Among the lines below, the one containing "And if I were" opens the range and the one containing "We implemented the" closes it. Print that range exactly, without the pictures.

(Task data Opens)

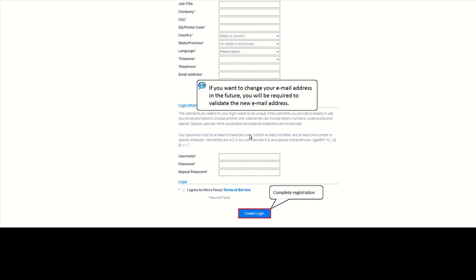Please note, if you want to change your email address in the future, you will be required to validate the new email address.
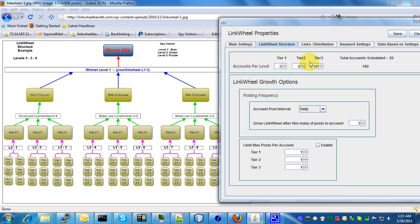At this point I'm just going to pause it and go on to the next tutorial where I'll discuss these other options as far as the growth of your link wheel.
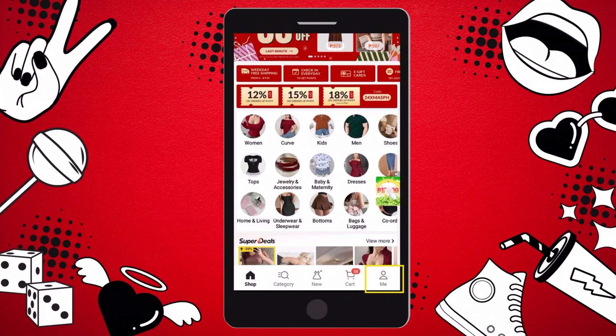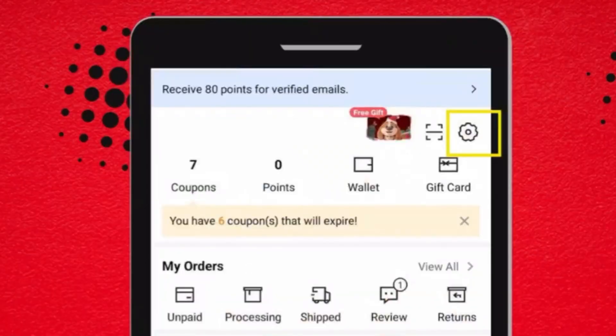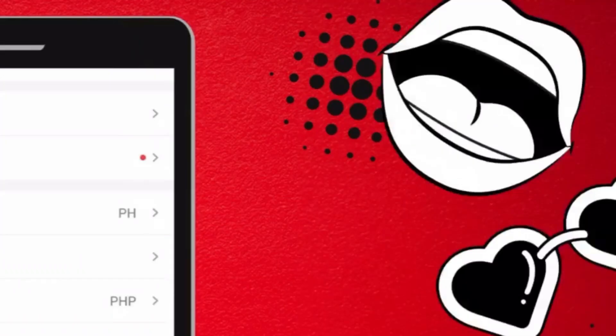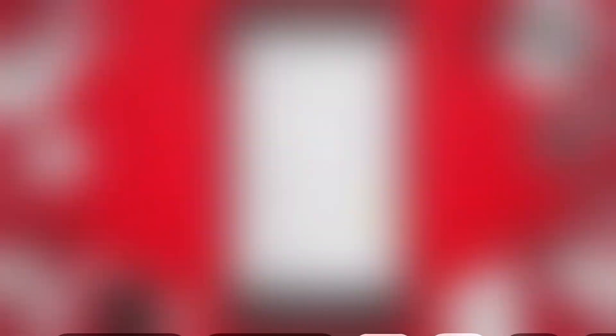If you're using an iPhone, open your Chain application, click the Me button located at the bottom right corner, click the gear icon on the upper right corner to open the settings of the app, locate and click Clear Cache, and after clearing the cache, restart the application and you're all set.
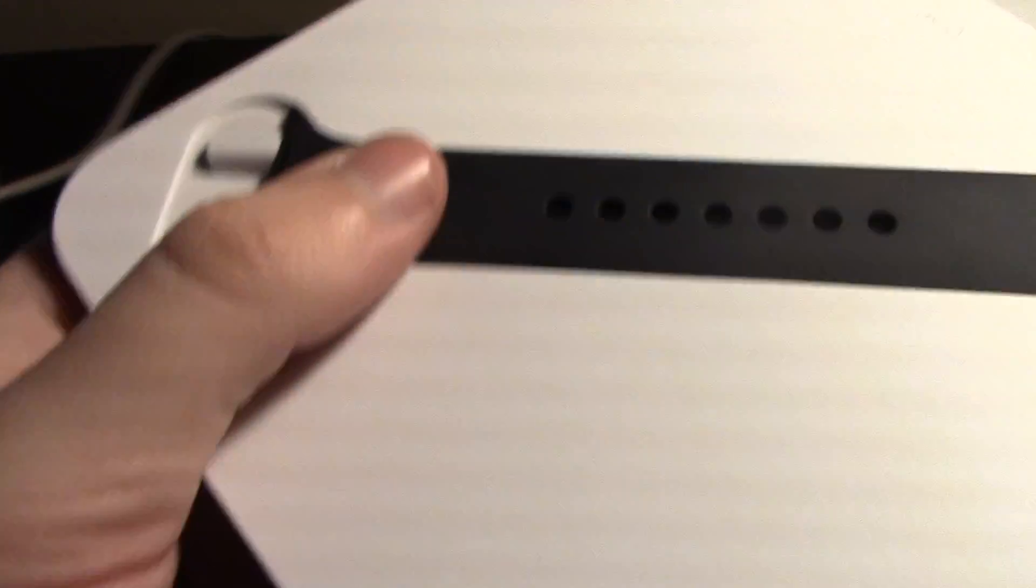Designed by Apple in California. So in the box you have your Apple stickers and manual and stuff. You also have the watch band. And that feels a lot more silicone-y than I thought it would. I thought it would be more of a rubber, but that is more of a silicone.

(Task data Closes)
(Task data Opens)

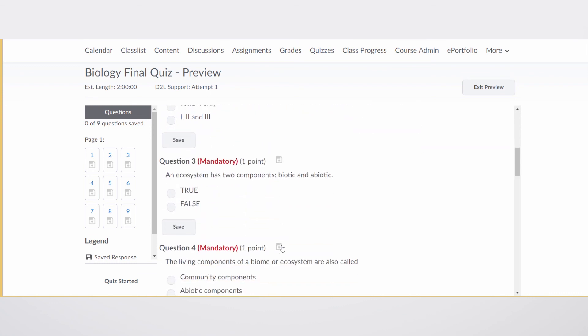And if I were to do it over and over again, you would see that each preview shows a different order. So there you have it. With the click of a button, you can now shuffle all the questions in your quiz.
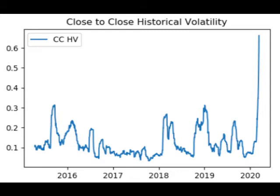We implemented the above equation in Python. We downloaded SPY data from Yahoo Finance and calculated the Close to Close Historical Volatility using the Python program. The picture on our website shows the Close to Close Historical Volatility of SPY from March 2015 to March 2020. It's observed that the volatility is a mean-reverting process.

(Task data Closes)

__Task result__:
And if I were to do it over and over again, you would see that each preview shows a different order. So there you have it. With the click of a button, you can now shuffle all the questions in your quiz.
We implemented the above equation in Python. We downloaded SPY data from Yahoo Finance and calculated the Close to Close Historical Volatility using the Python program. The picture on our website shows the Close to Close Historical Volatility of SPY from March 2015 to March 2020. It's observed that the volatility is a mean-reverting process.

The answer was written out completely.